(published by Heave Media)
After over 40 years and dozens of albums, I decided that it was time to see what all the fuss was about. I saw the Residents at the Museum of Contemporary Art tonight, and it's hard to say if they met expectations or not. Their way-too visible smoke machine was louder than their music. The group's masks looked like first generation Slipknot ripoffs. And the singer twiddled his fingers around like Wizzo the whole time.
The thing is, the Residents are notorious for being enigmatic. Almost like the Bob Dylan of avant-garde experimental artists, they are chameleons. The four (three on this night) members have never revealed their identities. They've kept their act mysterious since the beginning, and there's no telling when or if an end is in sight.
Given their history with subversive satiric content, it's likely that tonight's performance was no different. Their theme was "ghost stories," so they used vocal effects that sounded like the Exorcist and showed videos of masked strangers telling tales of horror. None of it was really scary though.
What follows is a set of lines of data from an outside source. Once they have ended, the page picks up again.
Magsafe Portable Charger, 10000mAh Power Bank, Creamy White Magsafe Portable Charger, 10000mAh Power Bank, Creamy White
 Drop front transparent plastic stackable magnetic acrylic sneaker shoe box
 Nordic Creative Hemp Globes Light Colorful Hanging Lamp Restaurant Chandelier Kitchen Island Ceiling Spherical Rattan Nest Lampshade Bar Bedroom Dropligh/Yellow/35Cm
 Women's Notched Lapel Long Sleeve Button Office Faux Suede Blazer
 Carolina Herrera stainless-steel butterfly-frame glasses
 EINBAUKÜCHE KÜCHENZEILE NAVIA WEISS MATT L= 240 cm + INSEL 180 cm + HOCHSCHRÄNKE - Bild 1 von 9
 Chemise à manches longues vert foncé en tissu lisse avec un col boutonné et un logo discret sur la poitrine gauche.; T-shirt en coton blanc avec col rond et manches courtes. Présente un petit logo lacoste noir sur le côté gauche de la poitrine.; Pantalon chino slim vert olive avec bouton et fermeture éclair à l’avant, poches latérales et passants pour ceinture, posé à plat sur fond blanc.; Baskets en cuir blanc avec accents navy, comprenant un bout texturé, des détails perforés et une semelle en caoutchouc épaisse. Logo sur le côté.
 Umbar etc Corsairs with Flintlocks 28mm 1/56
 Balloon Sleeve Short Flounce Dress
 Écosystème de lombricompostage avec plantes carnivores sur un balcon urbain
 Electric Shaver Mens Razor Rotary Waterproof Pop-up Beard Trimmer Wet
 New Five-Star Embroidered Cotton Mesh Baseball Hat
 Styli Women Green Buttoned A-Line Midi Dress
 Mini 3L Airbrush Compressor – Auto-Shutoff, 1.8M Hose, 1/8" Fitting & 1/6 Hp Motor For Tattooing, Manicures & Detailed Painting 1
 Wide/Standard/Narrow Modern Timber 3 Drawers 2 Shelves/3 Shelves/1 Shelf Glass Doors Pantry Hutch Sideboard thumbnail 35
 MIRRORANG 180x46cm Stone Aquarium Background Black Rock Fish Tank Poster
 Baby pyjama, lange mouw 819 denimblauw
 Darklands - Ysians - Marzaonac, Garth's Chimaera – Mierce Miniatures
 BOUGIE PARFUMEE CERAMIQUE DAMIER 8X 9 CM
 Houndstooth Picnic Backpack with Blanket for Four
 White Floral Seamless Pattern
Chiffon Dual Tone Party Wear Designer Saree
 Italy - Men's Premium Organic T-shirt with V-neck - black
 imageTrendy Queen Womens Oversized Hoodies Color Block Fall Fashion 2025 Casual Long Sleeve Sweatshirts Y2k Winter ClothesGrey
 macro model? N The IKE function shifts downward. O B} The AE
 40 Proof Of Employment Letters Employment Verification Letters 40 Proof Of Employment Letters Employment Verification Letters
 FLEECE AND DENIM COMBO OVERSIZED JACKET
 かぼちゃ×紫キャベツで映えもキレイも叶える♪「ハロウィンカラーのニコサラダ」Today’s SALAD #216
And that was probably the point.
Yes, Slipknot masks are dumb. Yes, smoke machines are cheesy. Wizzo was a clown. So if anyone is fooled by a cheap horror gimmick, the joke's on them. The singer occasionally spoke to the audience about the most horrifying "mirror people," which, in my humble interpretation, refers to "me and you." Humans are capable of actual horror, especially when we delude ourselves into believing that something in our imaginations can present a literal danger. This message came full circle in the closing song, "Ghostbusters."
It was not a rock concert, but a performance art piece. The MCA really was an ideal venue for this show. The Residents' mystique is resilient, and even though they're getting old in age, their ideas are as thought-provoking as ever.